The compiler is constructed in a modular fashion and includes a compact threshold fully homomorphic encryption, a non-interactive zero-knowledge proof with preprocessing, and a non-interactive commitment.
An instantiation of the Universal Thresholdizer can be achieved through the construction of a compact threshold fully homomorphic encryption. Currently, there are two threshold fully homomorphic encryptions based on linear secret sharing, with one using Shamir’s secret sharing and the other using the \{0,1\}-linear secret sharing scheme (\{0,1\}-LSSS). The former fails to achieve compactness as the size of its ciphertext is O(N\log N), where N is the number of participants in the distributed system. Meanwhile, the latter provides compactness, with a ciphertext size of O(\log N), but requires O(N^{4.3}) share keys on each party, leading to high communication costs.
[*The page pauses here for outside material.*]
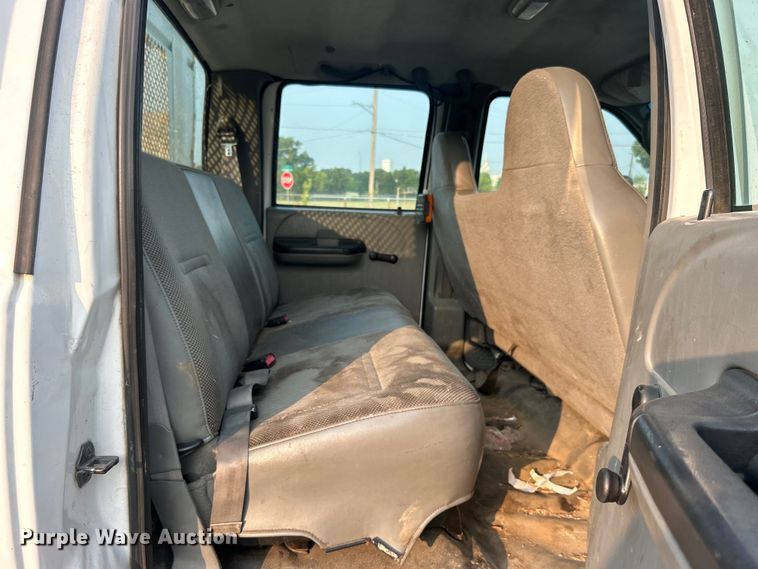 image for item EG0557 2006 Ford F450 Super Duty Crew Cab dump flatbed truck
In this paper, we propose a communication-efficient Universal Thresholdizer by revisiting the threshold fully homomorphic encryption. Our scheme reduces the number of share keys required on each party to O(N^{2+o(1)}) while preserving the ciphertext size of O(\log N). To achieve this, we introduce a new linear secret sharing scheme called TreeSSS, which requires a smaller number of shared keys and satisfies compactness. As a result, the Threshold Fully Homomorphic Encryption underlying our linear secret sharing scheme has fewer shared keys during the setup algorithm and reduced communication costs during the partial decryption algorithm. Moreover, the construction of a Universal Thresholdizer can be achieved through the use of TreeSSS, as it reduces the number of shared keys compared to previous constructions. Additionally, TreeSSS may be of independent interest, as it improves the efficiency in terms of communication costs when used to replace \{0,1\}-LSSS.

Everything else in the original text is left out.